‘A very long time’ is a relative term. To the mayfly, a short summer’s day. To the galaxy, a billion years. So, how long was ‘a very long time’ to Benny?
Longer than I thought.
Benny needed practice, he said he did, that’s how we knew he did. Practice to get back into practice. So, he went to the garden to practise. We watched him. He disappeared. We watched him disappear. He went into the garden and disappeared and we watched him as he did. One minute he was there. Then he wasn’t. He disappeared for the morning, the afternoon and then for the evening. Then for the whole of the night.
We were worried by mid-morning. We thought he’d gone AWOL. We were worried, that’s why we rang Joe. Joe said not to be, that Benny was somewhere and would appear when he wanted to.
He said Benny did this as a boy in Milwaukee. More when he joined the Marines. He did it for practice. Snipers need practice, if they wish to stay sniping not sniped.
Joe said, ‘don’t worry’. We could perhaps try to find him. He laughed as he told us to try. I knew he didn’t think we could. We went out into the garden to see if we could. Joe was right, we couldn’t. He was nowhere to be found. We gave up by midday. We sat on the terrace. We drank beer before lunch. I liked drinking beer. I still do. I looked out on the garden. I knew he couldn’t be there. Then something hit me. A dried pea hit me. It hit me above the left eye.

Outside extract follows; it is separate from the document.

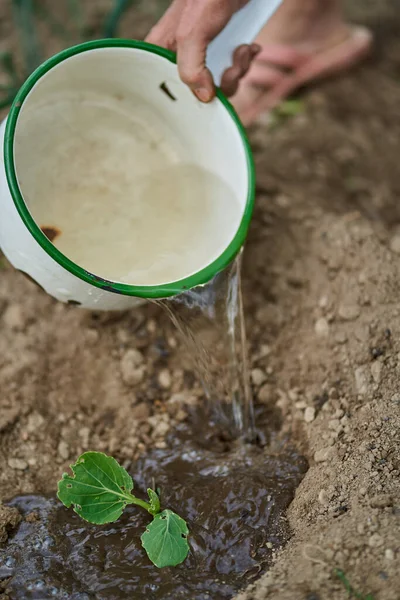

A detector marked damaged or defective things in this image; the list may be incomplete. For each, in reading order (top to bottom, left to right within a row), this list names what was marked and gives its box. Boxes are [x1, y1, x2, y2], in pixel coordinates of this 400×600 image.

rust stain on bucket [40, 226, 61, 243]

Then Benny was there. He rose up from a flower bed. He was covered in stuff. It was green stuff and brown stuff, flowers and soil stuff. I found it hard to believe.
Benny was happy. That made us happy. We rang Joe. Joe was happy too.
But would Benny want more than a pea-shooter? Would Benny need more than a pea-shooter? It was ‘yes’ to the first one, and ‘no’ to the second one. We talked and convinced him. Talked for an hour to explain it. Talked for an hour to convince him. At the end of an hour, Benny said ‘SIR’.
Forty-Five
It was fun being on the ship, to start with. It was better than being in that big cold house, the house with the lady in the white suit, the lady who gave us chocolate even though we knew she wasn’t giving it to us because she liked us, but just to keep us quiet and to stop us from asking her all the questions we wanted to ask her, but that we knew, in the end, she would never answer, because she’d been told by the man we hated and the other man, the man we knew Mummy was scared of, not to answer the questions we asked her. She was a nasty lady who never smiled.
We missed Mummy and we missed Daddy and we missed Mummy Brosie too. We hadn’t seen Daddy or Mummy Brosie for such a long time, and now it seemed such a long time since we’d seen Mummy too. We weren’t allowed to talk about Mummy and Daddy, not when the lady in the white suit could hear us. We talked about them when we were in bed and sometimes we cried when we talked about them. I think we cried every time we talked about them. Catherine cried more than me, because I was stronger than Catherine, even though she said it was the other way round. Neither of us was really strong, not as strong as we knew Mummy and Daddy would want us to be.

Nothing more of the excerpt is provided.